One number is the whole answer: the tally of lines in the records that include the word "Best".

....

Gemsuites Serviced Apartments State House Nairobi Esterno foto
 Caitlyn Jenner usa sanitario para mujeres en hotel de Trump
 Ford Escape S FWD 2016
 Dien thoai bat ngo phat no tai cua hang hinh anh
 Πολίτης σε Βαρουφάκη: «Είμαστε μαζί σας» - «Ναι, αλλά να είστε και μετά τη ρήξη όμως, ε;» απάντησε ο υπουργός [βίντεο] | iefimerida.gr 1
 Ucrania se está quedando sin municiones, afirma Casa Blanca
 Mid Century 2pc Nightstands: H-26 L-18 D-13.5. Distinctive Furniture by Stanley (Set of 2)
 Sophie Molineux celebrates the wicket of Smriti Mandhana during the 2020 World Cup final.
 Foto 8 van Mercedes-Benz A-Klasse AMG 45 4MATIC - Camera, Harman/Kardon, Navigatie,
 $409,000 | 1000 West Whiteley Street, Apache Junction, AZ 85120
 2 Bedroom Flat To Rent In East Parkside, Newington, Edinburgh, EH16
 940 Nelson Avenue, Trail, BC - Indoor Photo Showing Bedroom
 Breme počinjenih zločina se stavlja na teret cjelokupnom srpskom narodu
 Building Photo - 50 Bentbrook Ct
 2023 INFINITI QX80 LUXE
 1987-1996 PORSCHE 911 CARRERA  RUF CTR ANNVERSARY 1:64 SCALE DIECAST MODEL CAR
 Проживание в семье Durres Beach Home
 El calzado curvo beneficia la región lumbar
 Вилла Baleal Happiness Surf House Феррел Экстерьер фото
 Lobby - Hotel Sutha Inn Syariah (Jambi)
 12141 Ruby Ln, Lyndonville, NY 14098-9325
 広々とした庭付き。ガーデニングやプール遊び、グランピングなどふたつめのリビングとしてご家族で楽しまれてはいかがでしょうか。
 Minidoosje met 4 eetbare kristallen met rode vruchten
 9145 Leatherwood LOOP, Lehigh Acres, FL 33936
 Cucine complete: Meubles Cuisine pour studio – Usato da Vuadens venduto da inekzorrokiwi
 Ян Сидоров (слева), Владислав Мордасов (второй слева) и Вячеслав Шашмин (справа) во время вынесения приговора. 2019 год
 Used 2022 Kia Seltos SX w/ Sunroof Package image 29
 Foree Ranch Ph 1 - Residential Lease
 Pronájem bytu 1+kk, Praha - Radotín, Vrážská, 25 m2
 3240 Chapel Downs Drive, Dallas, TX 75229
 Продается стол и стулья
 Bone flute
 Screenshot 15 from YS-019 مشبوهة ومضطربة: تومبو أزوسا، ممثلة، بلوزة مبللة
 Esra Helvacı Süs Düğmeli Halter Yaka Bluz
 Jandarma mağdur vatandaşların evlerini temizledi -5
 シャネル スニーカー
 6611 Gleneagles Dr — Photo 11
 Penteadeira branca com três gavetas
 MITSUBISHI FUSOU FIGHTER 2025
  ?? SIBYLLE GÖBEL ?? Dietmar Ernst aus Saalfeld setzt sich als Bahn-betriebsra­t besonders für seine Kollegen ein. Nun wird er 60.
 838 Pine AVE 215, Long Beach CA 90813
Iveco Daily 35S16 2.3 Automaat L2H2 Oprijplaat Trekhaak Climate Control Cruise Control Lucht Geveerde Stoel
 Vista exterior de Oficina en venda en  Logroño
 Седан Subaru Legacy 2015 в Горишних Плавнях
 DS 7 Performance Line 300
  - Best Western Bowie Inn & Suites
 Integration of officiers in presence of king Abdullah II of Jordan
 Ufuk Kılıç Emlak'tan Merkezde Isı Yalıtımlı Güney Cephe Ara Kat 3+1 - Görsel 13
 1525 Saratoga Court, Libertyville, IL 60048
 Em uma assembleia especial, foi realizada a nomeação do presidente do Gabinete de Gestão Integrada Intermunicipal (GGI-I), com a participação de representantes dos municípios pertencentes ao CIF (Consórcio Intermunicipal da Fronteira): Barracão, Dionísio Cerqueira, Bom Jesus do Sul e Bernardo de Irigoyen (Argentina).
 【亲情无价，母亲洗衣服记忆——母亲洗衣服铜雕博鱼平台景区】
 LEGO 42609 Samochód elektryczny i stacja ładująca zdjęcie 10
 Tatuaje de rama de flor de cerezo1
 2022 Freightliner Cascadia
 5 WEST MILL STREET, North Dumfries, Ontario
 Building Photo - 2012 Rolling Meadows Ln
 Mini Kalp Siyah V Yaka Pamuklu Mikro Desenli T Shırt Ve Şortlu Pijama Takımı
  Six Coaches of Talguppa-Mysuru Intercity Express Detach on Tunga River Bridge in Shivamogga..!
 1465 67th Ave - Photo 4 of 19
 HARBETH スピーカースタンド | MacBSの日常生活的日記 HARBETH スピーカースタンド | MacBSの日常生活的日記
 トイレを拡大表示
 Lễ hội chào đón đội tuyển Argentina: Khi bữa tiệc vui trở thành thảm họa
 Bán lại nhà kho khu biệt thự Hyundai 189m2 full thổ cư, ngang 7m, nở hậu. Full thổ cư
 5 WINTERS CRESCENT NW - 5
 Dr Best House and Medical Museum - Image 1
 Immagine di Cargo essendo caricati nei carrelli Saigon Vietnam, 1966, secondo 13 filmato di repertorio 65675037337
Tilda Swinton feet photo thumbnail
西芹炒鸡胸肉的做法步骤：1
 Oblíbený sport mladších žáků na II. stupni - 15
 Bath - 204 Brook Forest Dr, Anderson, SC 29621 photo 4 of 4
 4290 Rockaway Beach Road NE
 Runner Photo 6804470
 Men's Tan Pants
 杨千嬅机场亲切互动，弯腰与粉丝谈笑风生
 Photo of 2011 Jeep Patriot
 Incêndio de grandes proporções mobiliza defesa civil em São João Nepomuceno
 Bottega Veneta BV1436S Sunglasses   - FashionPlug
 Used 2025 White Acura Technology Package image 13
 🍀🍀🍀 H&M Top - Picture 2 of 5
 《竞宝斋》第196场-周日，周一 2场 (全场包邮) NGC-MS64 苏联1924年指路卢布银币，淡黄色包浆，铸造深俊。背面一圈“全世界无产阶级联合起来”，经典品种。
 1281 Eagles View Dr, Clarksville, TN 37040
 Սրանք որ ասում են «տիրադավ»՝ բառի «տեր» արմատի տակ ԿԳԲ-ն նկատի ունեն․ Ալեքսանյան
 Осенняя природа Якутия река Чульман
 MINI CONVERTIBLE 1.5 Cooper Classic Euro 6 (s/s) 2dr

....

### RESULT OF THIS EXERCISE
2